1. A method of treating healthy or diseased or inflamed intact skin, comprising:
applying to an area of skin to be treated, an oxygen generating, one time use dressing comprising a peroxide oxygen source and a peroxide decomposition catalyst, said peroxide source present in an amount such that said peroxide source decomposes to produce oxygen whereby at least 80% of said oxygen generation is complete within a period of 4 hours, said dressing having a layer which is impermeable to oxygen disposed on an outer surface remote from a skin contacting surface.
2. The method of claim 1, wherein generation of oxygen is substantially complete within a period of two hours.
3. The method of claim 1, wherein said dressing further comprises a pressure sensitive adhesive which reversibly bonds to the skin.
4. The method of claim 1, wherein said peroxide decomposition catalyst is an immobilized solid.
5. The method of claim 4, wherein said peroxide decomposition catalyst comprises manganese peroxide.
6. The method of claim 4 wherein said peroxide decomposition catalyst is contained within fibers.
7. The method of claim 1, wherein said dressing comprises a gel containing peroxide decomposition catalyst.
8. The method of claim 7, wherein said gel is an adhesive gel.
9. The method of claim 1, wherein said peroxide is hydrogen peroxide.
10. The method of claim 9, wherein said hydrogen peroxide is present in a composition containing from 0.5 to 10 weight percent hydrogen peroxide based on the weight of the composition.
11. The method of claim 1, wherein said peroxide oxygen source is contained within said dressing separate from said peroxide decomposition catalyst.
12. The method of claim 11, wherein said peroxide oxygen source comprises hydrogen peroxide contained in a rupturable package within said dressing.

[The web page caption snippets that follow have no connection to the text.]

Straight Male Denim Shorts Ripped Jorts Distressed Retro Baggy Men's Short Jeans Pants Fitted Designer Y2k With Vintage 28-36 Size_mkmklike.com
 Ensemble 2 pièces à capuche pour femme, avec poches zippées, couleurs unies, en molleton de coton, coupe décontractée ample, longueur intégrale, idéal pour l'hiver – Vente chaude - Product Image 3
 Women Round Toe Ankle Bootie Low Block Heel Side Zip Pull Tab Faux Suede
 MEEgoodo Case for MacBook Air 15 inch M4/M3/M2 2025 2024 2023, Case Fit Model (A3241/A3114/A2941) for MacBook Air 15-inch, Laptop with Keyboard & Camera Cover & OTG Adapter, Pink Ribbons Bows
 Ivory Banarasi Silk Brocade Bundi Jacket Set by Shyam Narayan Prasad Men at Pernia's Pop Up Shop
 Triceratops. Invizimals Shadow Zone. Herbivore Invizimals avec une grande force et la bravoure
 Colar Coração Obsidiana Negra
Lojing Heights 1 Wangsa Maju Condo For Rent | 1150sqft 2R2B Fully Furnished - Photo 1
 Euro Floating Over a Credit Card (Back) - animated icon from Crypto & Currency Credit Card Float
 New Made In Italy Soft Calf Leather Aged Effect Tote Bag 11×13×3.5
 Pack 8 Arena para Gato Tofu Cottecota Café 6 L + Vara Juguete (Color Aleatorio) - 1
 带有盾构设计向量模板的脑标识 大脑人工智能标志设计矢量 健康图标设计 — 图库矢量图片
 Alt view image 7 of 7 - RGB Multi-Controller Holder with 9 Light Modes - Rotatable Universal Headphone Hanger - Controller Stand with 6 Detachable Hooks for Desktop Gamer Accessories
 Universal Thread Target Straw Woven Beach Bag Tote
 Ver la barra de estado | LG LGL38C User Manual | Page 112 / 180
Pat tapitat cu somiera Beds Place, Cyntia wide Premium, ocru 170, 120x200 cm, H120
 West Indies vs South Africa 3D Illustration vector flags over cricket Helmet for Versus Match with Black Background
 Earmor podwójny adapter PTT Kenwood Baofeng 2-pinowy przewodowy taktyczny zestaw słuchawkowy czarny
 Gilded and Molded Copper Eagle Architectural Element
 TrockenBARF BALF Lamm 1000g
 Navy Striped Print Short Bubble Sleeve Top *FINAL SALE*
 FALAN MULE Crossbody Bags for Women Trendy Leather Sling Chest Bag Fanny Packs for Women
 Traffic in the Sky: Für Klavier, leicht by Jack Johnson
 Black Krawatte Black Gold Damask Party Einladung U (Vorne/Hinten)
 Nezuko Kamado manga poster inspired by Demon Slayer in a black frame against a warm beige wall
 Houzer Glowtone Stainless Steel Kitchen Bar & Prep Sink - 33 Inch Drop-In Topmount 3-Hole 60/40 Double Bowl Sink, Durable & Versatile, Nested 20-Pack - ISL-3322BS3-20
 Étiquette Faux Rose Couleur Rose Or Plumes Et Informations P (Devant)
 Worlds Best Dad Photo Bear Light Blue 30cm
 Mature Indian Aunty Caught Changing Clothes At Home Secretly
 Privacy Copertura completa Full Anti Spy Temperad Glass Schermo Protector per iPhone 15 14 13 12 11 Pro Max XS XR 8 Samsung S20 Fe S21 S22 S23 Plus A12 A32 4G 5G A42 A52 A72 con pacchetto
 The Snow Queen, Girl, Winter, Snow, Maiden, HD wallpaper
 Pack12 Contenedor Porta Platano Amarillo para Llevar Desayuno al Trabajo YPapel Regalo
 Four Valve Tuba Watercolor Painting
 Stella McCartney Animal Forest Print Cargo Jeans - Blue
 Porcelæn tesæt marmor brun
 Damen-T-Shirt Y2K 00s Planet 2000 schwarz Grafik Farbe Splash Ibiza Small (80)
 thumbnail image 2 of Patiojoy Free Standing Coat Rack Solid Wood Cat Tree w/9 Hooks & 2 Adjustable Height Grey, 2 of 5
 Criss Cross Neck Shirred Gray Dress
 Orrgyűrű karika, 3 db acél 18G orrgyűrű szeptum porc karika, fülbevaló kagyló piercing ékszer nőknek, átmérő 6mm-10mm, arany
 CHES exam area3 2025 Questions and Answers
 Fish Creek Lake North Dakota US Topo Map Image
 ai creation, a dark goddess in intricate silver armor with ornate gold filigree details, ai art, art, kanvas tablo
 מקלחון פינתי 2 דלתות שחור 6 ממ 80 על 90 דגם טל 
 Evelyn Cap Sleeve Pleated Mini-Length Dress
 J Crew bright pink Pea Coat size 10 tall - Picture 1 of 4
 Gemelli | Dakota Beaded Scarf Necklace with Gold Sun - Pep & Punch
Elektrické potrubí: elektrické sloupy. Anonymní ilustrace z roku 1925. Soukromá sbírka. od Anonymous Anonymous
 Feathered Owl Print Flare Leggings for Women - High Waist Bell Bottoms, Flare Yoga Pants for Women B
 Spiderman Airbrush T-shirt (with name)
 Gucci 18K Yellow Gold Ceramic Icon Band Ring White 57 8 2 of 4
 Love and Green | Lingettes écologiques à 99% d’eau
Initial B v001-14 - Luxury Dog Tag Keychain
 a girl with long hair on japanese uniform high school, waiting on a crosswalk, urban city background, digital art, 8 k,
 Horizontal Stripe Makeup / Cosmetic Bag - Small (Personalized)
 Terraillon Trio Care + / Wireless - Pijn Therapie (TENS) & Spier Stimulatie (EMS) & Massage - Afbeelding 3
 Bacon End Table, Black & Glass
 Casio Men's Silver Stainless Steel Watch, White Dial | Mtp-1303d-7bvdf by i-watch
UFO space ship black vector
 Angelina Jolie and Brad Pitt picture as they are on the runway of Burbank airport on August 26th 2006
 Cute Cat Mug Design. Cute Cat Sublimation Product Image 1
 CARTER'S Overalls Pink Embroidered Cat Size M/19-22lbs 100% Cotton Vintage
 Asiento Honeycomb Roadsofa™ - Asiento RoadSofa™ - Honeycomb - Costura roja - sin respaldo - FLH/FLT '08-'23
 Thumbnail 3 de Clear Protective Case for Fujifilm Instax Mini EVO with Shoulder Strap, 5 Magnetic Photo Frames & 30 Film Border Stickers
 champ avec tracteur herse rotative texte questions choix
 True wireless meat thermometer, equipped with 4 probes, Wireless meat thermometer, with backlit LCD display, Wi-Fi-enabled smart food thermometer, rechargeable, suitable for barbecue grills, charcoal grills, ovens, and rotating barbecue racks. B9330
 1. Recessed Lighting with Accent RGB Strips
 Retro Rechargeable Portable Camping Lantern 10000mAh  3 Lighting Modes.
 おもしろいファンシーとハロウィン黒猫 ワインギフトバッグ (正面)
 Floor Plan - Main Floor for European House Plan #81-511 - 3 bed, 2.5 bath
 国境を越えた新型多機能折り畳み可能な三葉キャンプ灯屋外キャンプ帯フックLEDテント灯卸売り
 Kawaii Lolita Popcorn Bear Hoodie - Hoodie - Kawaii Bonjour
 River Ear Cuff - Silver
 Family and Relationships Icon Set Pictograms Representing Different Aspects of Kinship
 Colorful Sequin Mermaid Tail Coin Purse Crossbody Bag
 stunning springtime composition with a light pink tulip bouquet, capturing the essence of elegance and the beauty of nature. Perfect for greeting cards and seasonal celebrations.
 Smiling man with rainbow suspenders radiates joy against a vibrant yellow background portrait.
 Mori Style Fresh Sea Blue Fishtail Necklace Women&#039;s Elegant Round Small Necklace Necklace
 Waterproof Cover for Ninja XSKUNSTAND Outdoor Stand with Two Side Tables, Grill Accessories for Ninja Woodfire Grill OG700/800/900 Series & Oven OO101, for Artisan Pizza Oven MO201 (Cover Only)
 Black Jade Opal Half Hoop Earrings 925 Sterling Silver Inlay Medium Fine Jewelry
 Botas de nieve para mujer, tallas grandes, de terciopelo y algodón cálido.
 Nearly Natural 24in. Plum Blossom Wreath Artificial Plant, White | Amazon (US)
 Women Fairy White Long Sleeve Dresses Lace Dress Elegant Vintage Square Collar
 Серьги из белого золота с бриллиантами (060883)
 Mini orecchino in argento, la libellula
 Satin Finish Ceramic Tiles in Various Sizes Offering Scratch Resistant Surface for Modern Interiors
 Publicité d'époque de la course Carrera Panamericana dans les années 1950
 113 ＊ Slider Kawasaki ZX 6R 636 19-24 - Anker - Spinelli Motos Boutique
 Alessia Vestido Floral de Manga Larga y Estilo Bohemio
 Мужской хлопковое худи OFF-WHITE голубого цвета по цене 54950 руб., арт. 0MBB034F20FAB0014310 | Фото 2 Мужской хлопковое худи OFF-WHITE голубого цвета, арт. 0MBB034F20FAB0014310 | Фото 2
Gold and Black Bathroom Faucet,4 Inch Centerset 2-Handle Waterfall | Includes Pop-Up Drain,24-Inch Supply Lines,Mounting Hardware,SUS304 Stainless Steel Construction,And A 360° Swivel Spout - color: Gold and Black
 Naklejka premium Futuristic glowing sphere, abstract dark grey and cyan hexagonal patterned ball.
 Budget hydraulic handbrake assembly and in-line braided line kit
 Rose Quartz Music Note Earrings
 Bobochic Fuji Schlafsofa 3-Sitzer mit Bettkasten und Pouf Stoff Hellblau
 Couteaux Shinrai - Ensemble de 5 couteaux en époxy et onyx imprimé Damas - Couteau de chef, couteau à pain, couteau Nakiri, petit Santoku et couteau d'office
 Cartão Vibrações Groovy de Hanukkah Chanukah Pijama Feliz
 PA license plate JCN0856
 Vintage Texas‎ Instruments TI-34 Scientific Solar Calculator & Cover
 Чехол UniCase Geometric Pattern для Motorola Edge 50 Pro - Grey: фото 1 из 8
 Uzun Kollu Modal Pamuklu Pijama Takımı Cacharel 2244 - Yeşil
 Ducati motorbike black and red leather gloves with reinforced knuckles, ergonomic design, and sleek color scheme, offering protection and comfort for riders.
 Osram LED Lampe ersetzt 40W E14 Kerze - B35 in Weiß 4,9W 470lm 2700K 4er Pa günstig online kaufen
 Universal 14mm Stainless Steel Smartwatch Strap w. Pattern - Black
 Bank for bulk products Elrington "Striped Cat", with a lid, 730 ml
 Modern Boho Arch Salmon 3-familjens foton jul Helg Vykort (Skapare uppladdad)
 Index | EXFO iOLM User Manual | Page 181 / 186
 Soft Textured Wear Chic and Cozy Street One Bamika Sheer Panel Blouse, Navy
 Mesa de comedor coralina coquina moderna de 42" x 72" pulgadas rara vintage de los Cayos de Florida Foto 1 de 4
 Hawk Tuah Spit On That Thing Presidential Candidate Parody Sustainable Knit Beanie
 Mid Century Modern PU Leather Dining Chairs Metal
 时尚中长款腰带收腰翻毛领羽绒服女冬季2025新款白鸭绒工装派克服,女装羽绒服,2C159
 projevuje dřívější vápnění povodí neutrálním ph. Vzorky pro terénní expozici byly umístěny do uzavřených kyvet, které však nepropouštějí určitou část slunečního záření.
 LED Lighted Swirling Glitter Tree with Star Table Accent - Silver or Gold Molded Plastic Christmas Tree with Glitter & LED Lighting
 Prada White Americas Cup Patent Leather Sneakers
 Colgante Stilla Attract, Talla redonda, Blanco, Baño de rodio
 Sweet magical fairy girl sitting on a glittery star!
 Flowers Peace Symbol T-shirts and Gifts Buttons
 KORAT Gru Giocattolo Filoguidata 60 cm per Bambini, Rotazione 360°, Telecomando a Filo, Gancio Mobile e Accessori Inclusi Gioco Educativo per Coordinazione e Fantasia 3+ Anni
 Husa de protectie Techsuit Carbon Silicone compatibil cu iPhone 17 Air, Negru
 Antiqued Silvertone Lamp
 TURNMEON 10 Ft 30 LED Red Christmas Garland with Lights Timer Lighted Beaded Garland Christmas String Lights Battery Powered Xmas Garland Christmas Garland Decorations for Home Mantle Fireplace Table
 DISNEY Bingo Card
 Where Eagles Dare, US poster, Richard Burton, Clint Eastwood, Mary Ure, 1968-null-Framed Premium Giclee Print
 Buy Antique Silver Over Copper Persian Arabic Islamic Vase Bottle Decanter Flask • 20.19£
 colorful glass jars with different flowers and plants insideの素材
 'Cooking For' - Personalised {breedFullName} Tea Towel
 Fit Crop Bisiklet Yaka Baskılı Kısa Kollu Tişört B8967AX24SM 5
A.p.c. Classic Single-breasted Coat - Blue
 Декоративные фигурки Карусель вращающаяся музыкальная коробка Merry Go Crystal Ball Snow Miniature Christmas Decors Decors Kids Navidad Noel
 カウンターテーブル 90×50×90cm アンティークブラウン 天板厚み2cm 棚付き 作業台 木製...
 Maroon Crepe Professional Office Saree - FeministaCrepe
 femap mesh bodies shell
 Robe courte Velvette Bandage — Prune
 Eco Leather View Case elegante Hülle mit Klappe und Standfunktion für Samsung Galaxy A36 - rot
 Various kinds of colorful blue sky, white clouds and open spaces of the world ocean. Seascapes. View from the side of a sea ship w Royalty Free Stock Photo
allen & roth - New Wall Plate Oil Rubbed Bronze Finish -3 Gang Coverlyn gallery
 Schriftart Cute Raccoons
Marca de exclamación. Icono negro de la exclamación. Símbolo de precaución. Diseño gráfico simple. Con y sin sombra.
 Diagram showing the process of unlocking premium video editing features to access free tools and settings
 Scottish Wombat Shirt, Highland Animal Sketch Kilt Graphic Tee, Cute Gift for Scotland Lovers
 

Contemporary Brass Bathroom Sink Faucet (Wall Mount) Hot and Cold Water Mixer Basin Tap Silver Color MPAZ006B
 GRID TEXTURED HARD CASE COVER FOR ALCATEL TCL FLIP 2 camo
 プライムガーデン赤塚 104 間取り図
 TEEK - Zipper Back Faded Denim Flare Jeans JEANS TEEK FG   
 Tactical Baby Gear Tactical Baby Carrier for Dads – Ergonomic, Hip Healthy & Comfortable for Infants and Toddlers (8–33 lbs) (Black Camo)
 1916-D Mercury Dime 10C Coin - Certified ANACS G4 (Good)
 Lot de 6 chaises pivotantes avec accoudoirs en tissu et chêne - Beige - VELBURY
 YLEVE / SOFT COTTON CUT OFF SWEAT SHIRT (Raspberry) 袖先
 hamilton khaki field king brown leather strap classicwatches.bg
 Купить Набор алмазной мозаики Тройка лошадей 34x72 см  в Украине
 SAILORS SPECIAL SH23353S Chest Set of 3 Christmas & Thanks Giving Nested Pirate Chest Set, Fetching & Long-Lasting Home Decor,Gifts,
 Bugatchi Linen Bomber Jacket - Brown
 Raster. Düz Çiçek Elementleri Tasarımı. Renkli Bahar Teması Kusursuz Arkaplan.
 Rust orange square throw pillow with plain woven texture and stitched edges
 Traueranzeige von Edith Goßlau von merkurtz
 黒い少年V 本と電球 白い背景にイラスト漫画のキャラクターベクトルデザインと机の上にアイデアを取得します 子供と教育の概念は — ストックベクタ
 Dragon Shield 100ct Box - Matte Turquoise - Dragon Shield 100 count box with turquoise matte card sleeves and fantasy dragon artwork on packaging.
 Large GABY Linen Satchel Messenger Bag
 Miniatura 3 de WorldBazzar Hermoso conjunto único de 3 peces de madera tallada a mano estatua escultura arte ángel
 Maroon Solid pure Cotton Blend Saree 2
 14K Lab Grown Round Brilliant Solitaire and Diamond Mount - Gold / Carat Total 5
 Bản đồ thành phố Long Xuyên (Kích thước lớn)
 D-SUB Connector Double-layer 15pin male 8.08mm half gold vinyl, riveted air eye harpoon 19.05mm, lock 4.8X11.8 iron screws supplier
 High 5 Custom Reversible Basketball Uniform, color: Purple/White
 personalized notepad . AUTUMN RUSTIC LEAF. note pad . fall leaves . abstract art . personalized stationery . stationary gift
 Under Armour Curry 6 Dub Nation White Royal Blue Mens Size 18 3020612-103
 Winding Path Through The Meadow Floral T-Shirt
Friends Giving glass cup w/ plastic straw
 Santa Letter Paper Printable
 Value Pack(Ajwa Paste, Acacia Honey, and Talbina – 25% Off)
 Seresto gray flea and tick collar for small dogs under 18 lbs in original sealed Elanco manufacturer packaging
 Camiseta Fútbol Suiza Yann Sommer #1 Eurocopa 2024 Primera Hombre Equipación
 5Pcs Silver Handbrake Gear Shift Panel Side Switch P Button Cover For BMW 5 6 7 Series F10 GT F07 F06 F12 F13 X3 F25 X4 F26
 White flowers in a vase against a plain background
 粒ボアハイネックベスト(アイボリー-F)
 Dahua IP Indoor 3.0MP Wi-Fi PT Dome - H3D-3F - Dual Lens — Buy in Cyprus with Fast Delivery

13. The method of claim 1, wherein said peroxide oxygen source is external to said dressing, and is applied to said dressing from a peroxide composition dispenser.
14. The method of claim 1, wherein said healthy skin is dried and/or wrinkled skin.
15. The method of claim 14, wherein said healthy skin is adjacent an ocular region.
16. A dressing suitable for use in treating crows feet, wrinkles or circles under the eyes by the method of claim 1, having a generally triangular shape or a generally crescent shape.
17. A dressing suitable for the method of claim 1, comprising at least one of a hydrogel layer containing dispersed manganese dioxide, or water absorbant or water swellable fibers containing manganese dioxide, a rupturable reservoir containing an aqueous hydrogen peroxide liquid composition, and an oxygen impermeable film remote from the surface of the dressing to be applied to the skin, the hydrogel layer being adhesive to the skin.
18. A dressing suitable for the method of claim 1, having an oxygen supplying active area comprising an open pored foam containing immobilized particles of manganese dioxide, an adhesive surround effective to attach the dressing to the skin, and an internal supply of aqueous hydrogen peroxide separate from said manganese dioxide.
19. The dressing of claim 16, further comprising at least one of an emollient, a humectant, an antiseptic, a pigment altering agent, or an exfoliating agent.
US11/269,433 2004-12-08 2005-11-08 Method for oxygen treatment of intact skin Abandoned US20060121101A1 (en)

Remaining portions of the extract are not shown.